Mrs Okonjo-Iweala would also like to take issue with some of the persistently negative perceptions about Nigeria, saying that the government of President Olusegun Obasanjo has started delivering on its reform promise. More than that, she believes the world is overlooking huge opportunity and potential in Nigeria.

Perceptions of Nigeria have been shaped and hardened over decades. Meaningful commitment to reform – and real signs of progress – date back to less than 18 months ago. So it is premature to conclude that Mr Obasanjo’s government has irrefutably done enough to convince stakeholders not just of his reform intentions but also of his ability to see reform through. But the signs are encouraging.

Encouraging signs

There have been a number of highlights. First, Mrs Okonjo-Iweala’s arrival at the finance ministry has been nothing short of revolutionary. In little more than a year, she has overhauled the budget process, nearly completed the vast job of determining government’s payment arrears, taken control of the chaotic and wasteful public service payroll and driven a raft of legislation governing expenditure rules, accountability and transparency. And she has done all that at breakneck speed.

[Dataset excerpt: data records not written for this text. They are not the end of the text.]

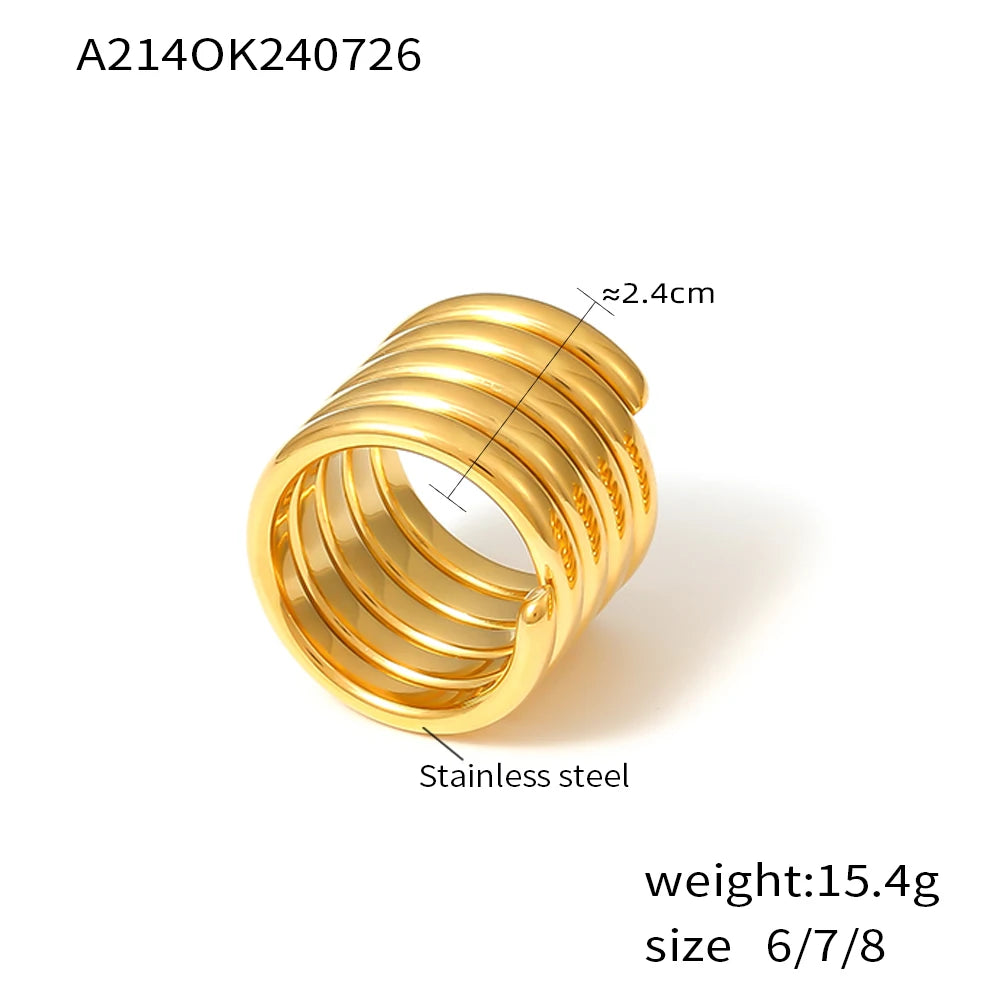 Hollow Round Brand Eight Stars Inlaid with Natural Turquoise Design Personality Simple Stainless Steel Plated Open Ring - Free Item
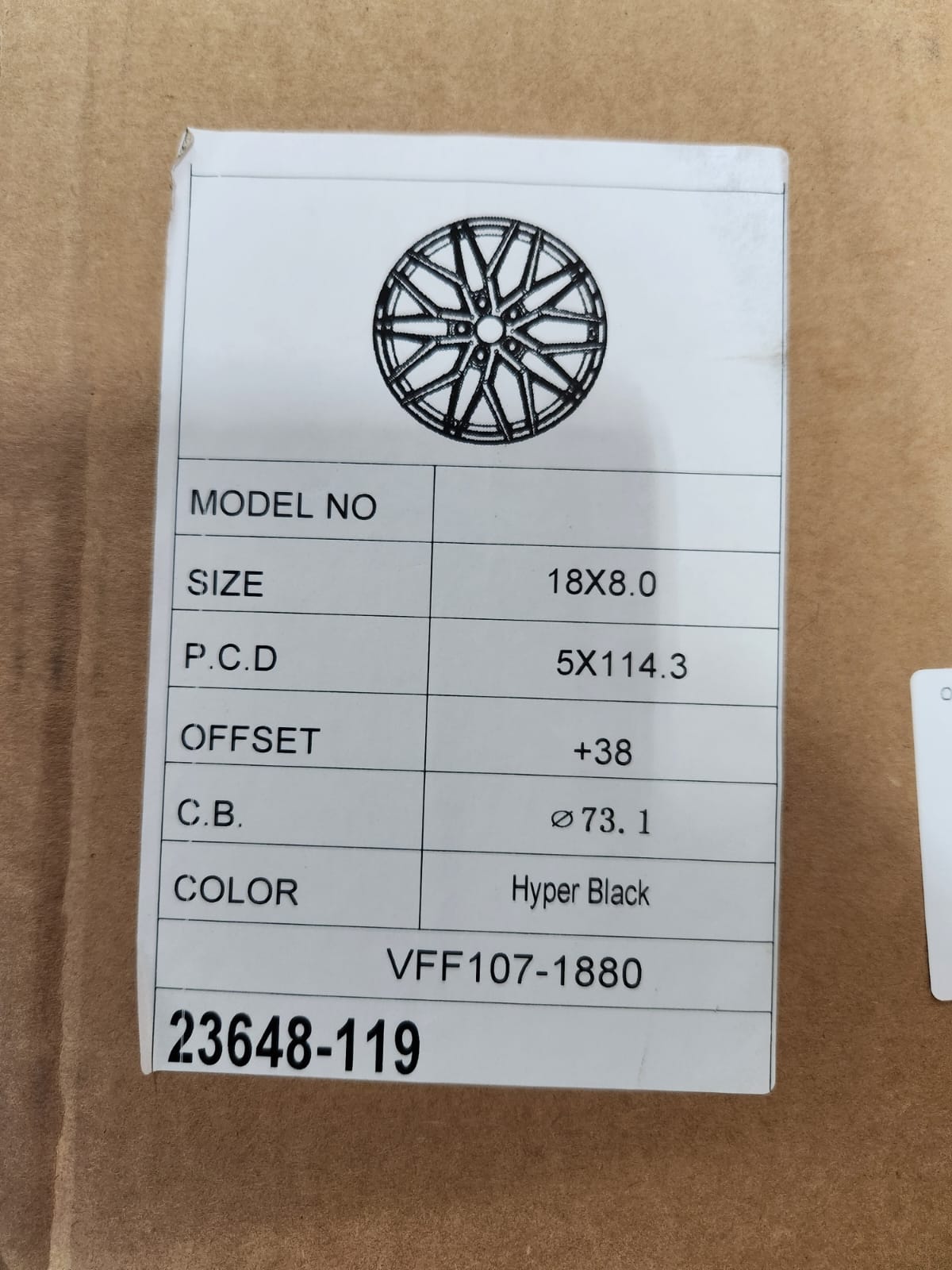 OE - 0319 HF - 2 REP 18X8.0 5X114.3 HYPER BLACK - Gun Hill Tire House (WTW - WHOLESALE TIRES & WHEELS)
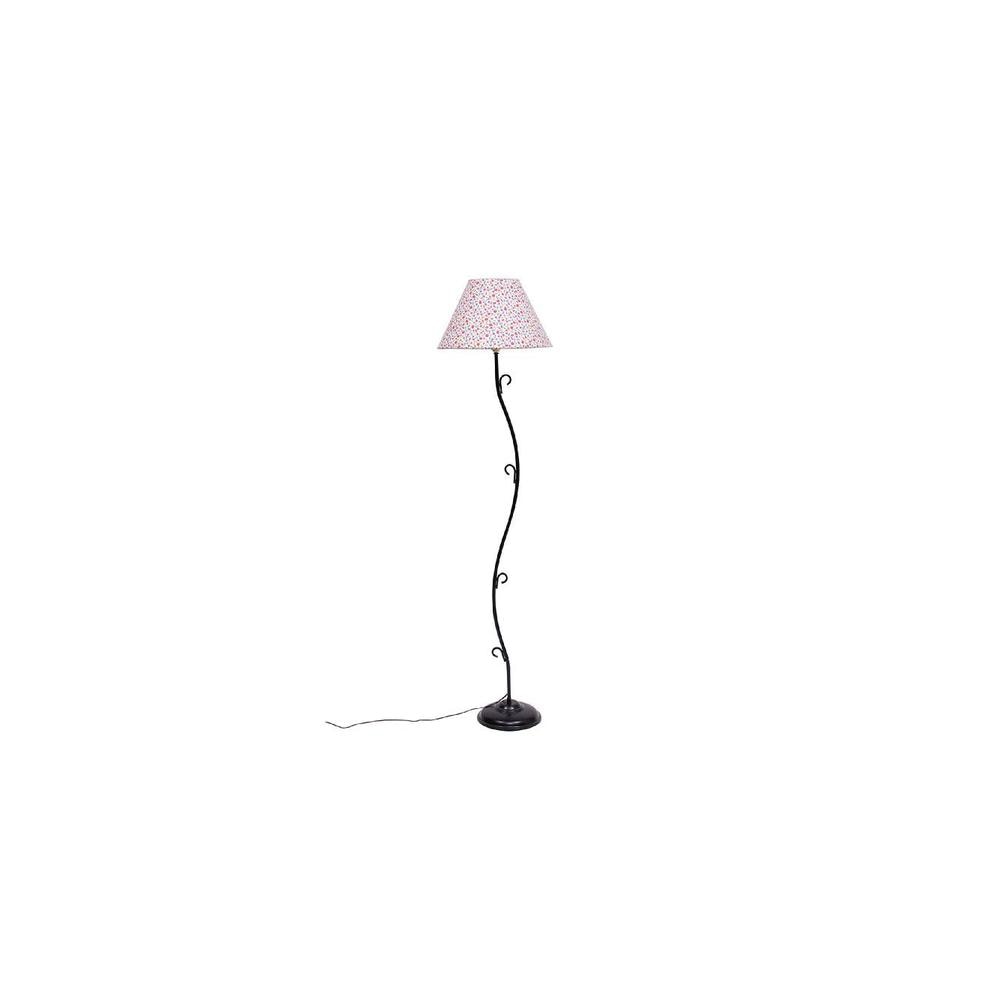 Cosma Multicolour Fabric Floor Lamp with Black Iron Base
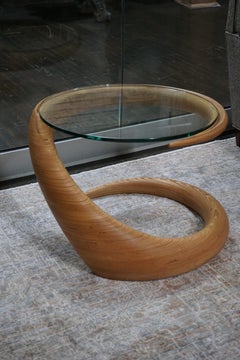 Spiral Table with Glass Top Benchmade by Hawaiian Furniture Maker Rock Cross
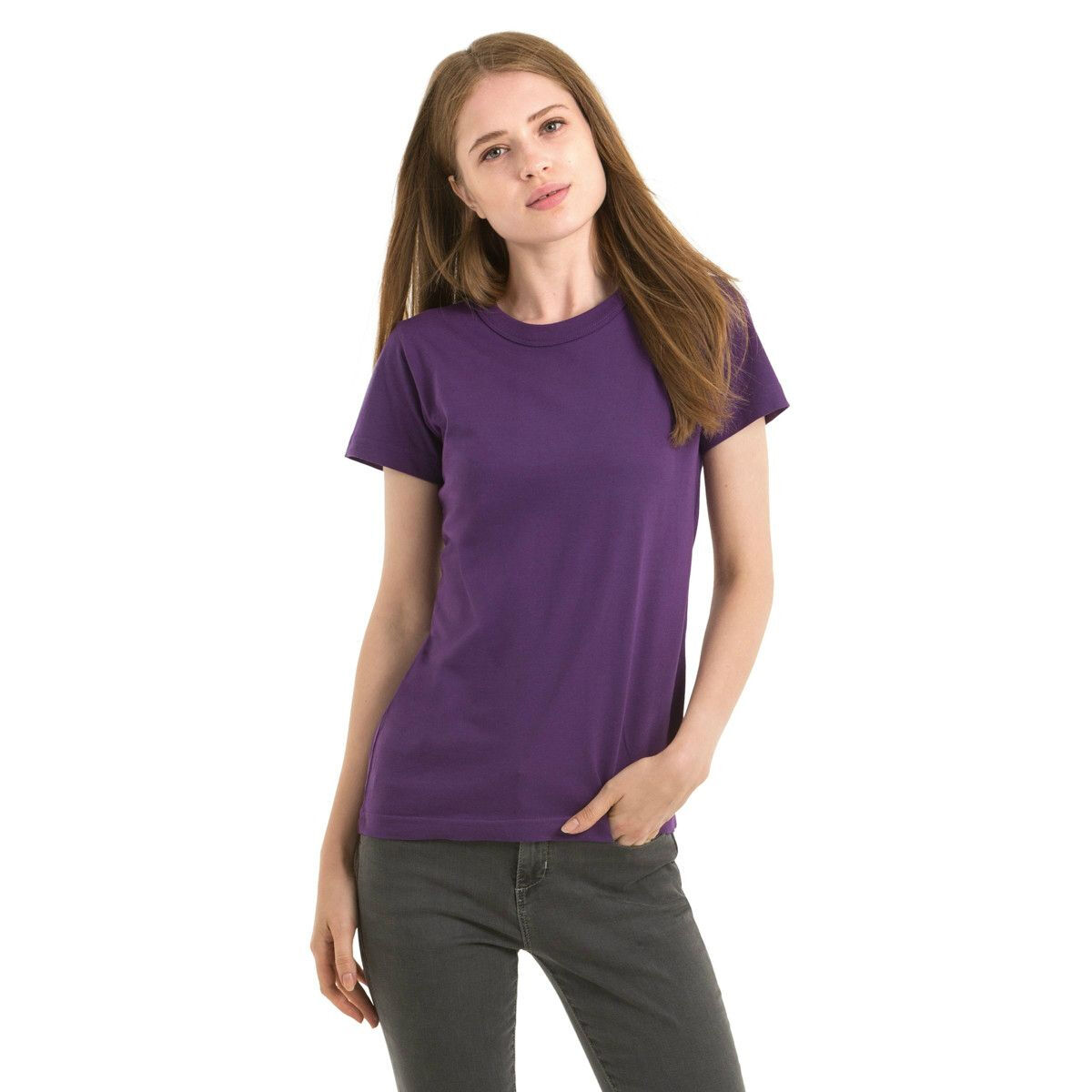 B&C Exact 190 Crew Neck T-shirts Women's (Purple)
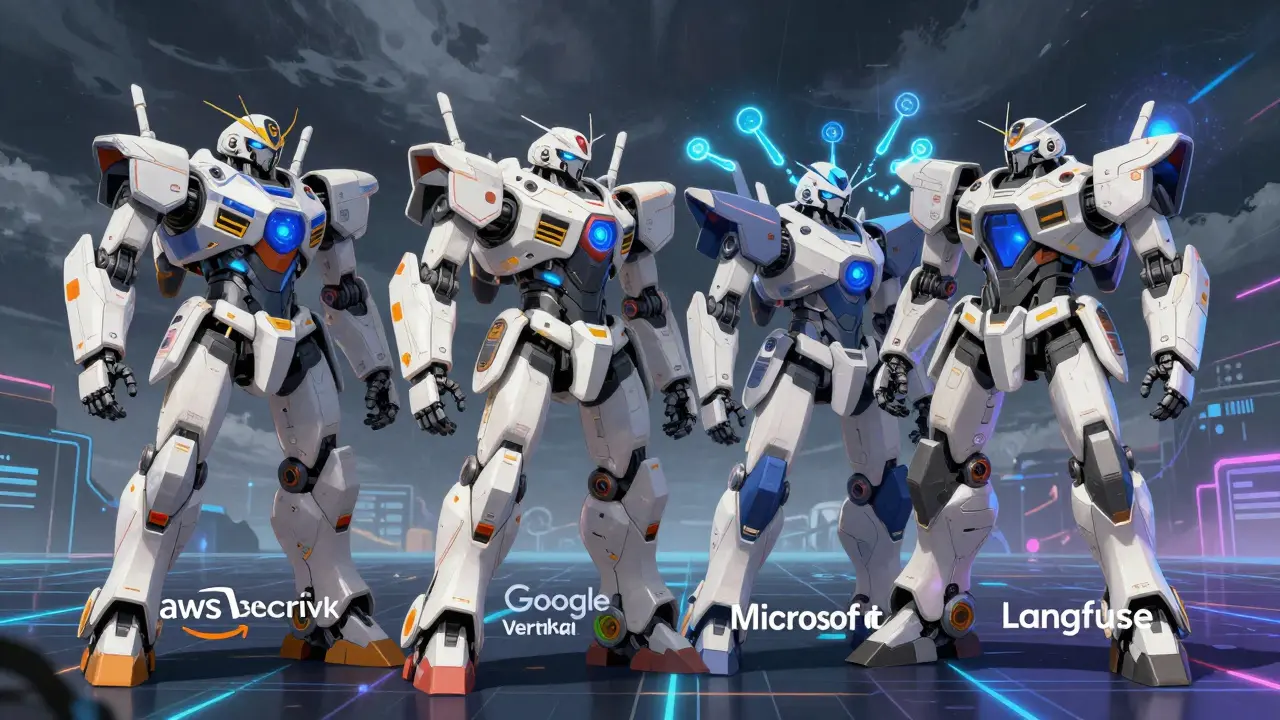 Four distinct mecha robots representing different cloud security platforms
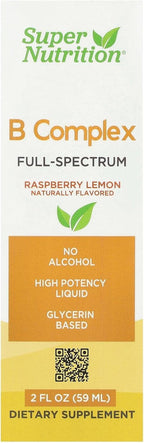 SuperNutrition B Complex Full Spectrum - Complejo B Líquido con Vitamina B12, Biotina y Niacina - Sabor Frambuesa Limón - 59 ml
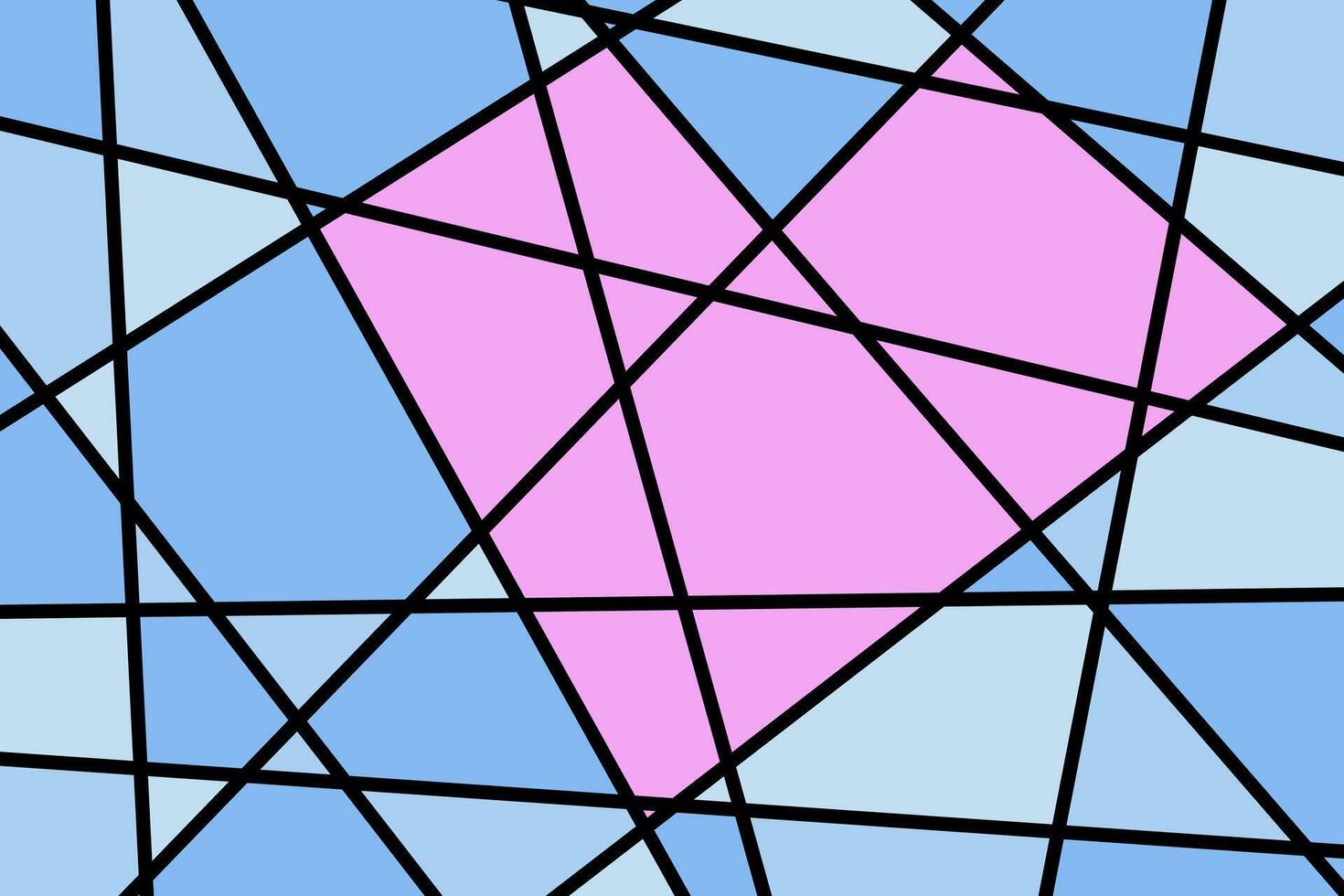 pink heart on Blue background Geometric Stained Window Design for valentines day Concept in Vector Illustration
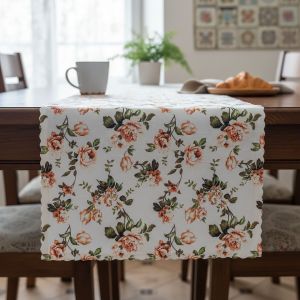 Ubrusovina / štola teflonová úprava, VIOLA, oranžové květy, š.38cm (metráž)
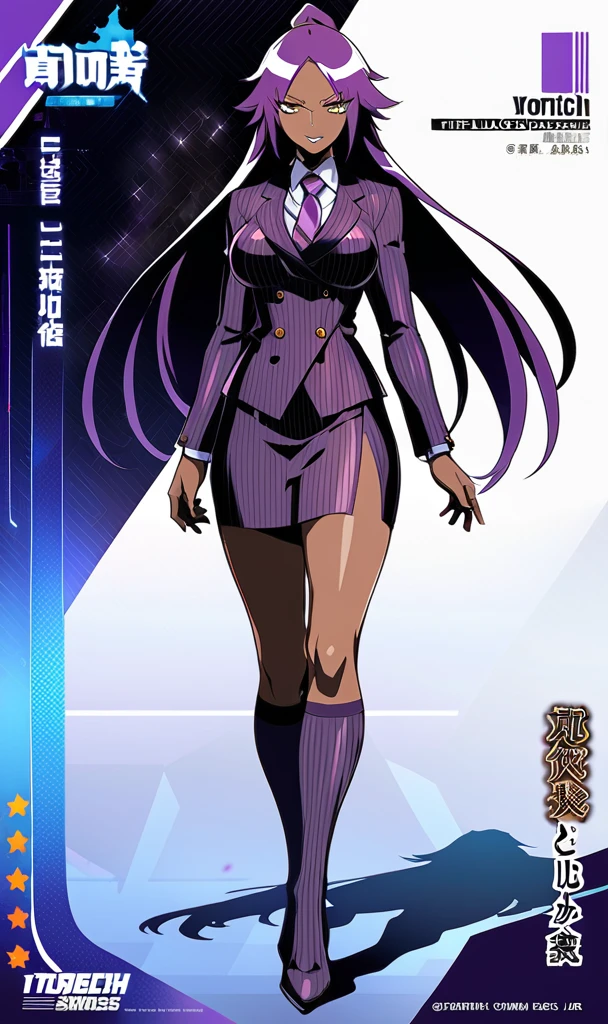  Full body Yoruichi as a thin Black business woman in a double breasted pinstripe purple  skirt suit while wearing a tie with a very long purple pinstripe skirt and with purple knee socks full art 
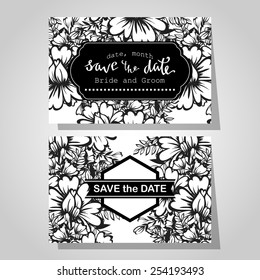 Wedding invitation cards with floral elements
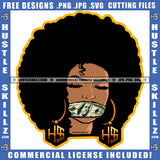 African American Woman Tied Up Mouth With Cash Dollar Melanin Girl Afro Hair Black Girl Vector Design Element Magic Ski Mask Gangster SVG JPG PNG Vector Clipart Cricut Cutting Files
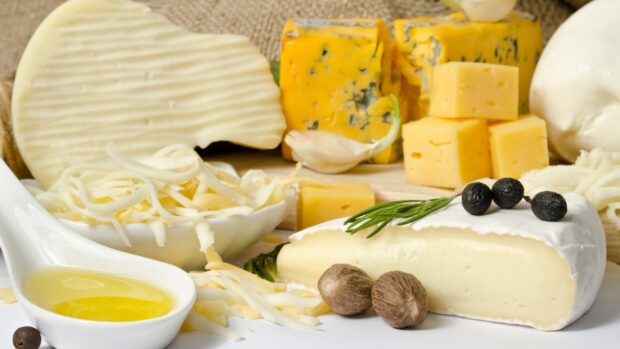 A variety of cheese with different textures and colors on a wooden board including blue cheese and soft cheese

Second, the former special economic adviser to the president, Charles Soludo, wrapped up the drafting and circulation of the government’s reform and development plan and was then appointed governor of the Central Bank of Nigeria. Just one month into the job, he unveiled radical plans to shake up Nigeria’s weak and fragmented banking system, demanding that banks increase their minimum capital requirements by a multiple of more than 12.

Third, the battle against corruption is being waged with growing determination. Despite being under-resourced, the Independent Corrupt Practices And Other Related Offences Commission and the Economic and Financial Crimes Commission have made high-profile arrests and pursued sensitive investigations. The Due Process Unit, tasked with monitoring government contracts, had by mid-year saved the country N102bn ($785m) in two years by reducing fraud and inflated quotations. And Mallam Nasir El-Rufai, governor of the Federal Capital Territories, has hit back at land use and property abuses by members of the elite in the capital, Abuja.

Fourth, the government has deregulated the downstream oil sector, removing subsidies on the pump price of petroleum products. Most significantly, it has prevailed in the face of fierce opposition. With regard to privatisation, the Bureau of Public Enterprises, under the recently-appointed management of Julius Bala, turned around a critical World Bank assessment of privatisation and recently received glowing endorsement from the bank.

Fifth, the finance ministry, central bank and Debt Management Office have begun far-reaching reforms to the management of Nigeria’s external and domestic debt. Negotiation with Paris Club creditors to restructure the country’s significant external debt are almost completed. Domestic debt management is being improved which, coupled with limits on government borrowing, promise to strengthen the central bank’s functions.

The president’s plan

Such progress is real. It is testament to Mr Obasanjo’s “dream team” of reformists – a small group of highly qualified and determined technocrats who he has appointed to key roles. Their actions are shaped by the National Economic and Empowerment Development Strategy (NEEDS), the president’s articulation of the reform plan.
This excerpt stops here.